This damp duel, inspired by Polak’s readings of Tolstoy and Pushkin, was more than just a reenactment to test the mettle of two professors at the Yale Graduate School of Arts and Sciences. Polak was speaking to the audience as part of the Graduate School’s Dean’s Lecture Series, which brings professors from across Yale to discuss their disciplines. While the imaginary Russian setting may have appealed to the literature students in attendance, Polak staged the duel to make a larger point about business. “Say there are two firms looking to launch similar products,” he said. “What if there’s room in the market only for one product? If a firm launches too late, the rival has gained a powerful foothold. If a firm launches too early, the customer is going to reject the product and the competition will waltz right in.”

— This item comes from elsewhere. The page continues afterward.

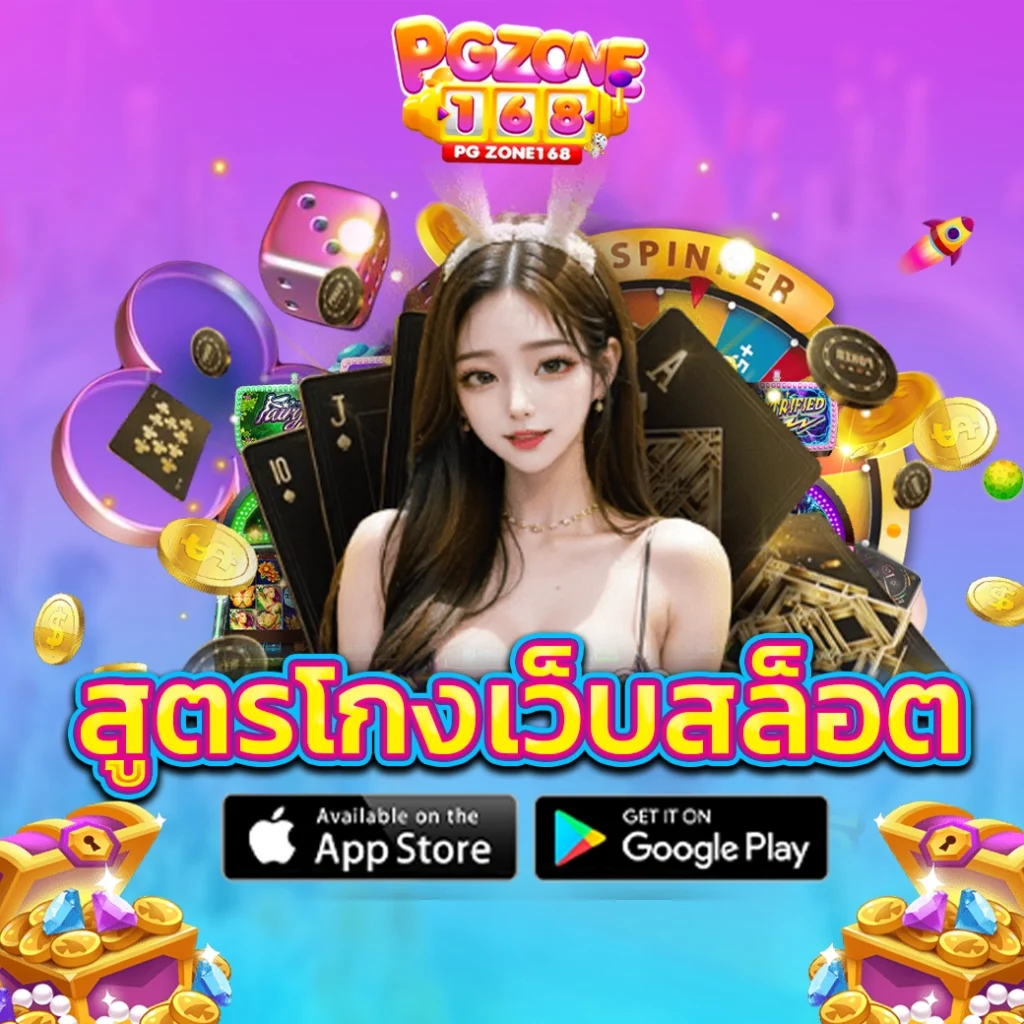 สูตรโกง เว็บสล็อต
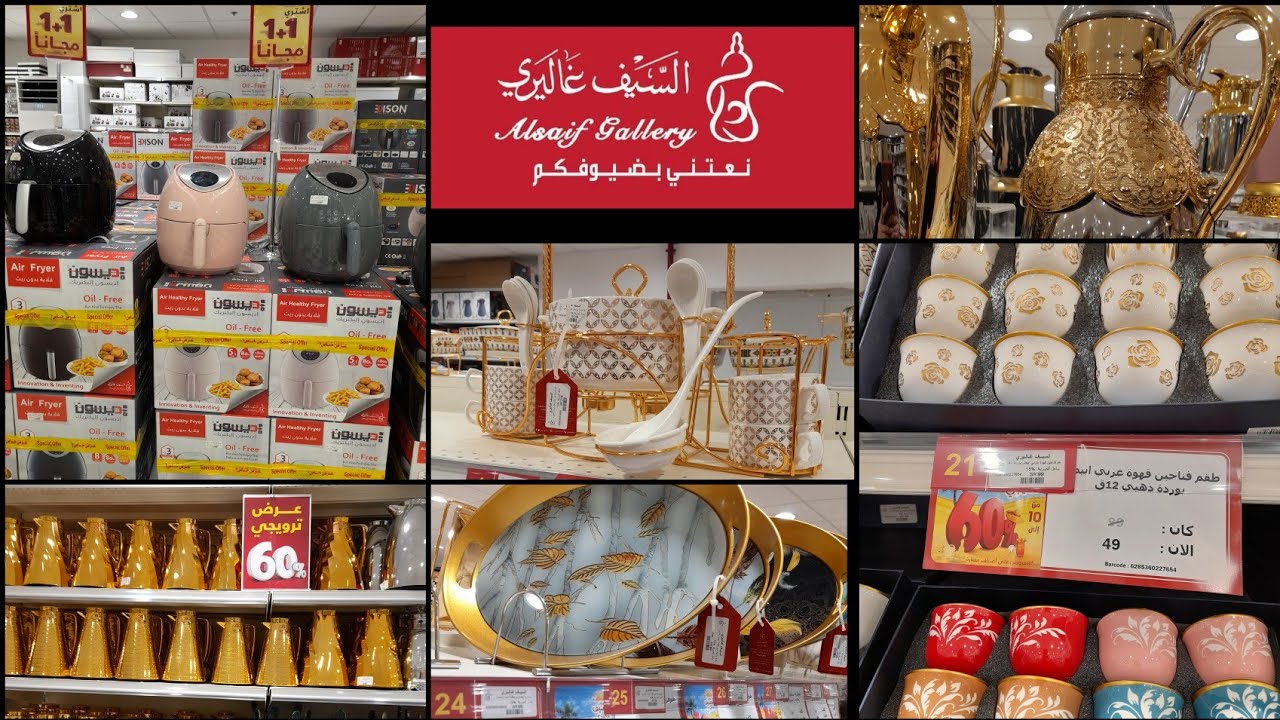 Alsaif gallery ksa || عروض السيف غاليرى تخفيضات  || khobar city || haram minahil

This hypothetical product launch is an instance where game theory could be used to help determine the best time to act. Over the course of his lecture, titled “Game Theory for Humanists,” Polak walked the audience through the reasoning behind game theory, using the sponge duel as his example. In the case of two men of known, but varying skill, Polak showed how one could use backward induction to find the spot where each should launch the sponge. Backward induction begins at the end — in this example, where the two men would have advanced until standing nose-to-nose if neither threw their sponge — and moves toward the start date by running through the necessary equations. The technique, he said, can help discover an answer that remains unclear through standard induction.
Such reasoning, Polak said, should result in each player launching the sponge at exactly the right moment each time. But as he’s run the game with undergraduates and MBA students, he’s found that time and again, players throw the sponges too soon and miss, thus dooming themselves. The problem could be overconfidence, a well-known issue to behavioral economists. But Polak suggested something else might be at work — something less universal. “I think Americans have a pro-active bias,” he said. “Americans are bred from age zero to be proactive. If you watch ESPN and they interview an athlete after a loss, he always says, ‘We lost the game but at least we controlled our own destiny.’ Americans are taught that doing things is a virtue in itself. But the lesson of game theory is sometimes it’s better to wait. The point is not to go down swinging. The point is not to go down.”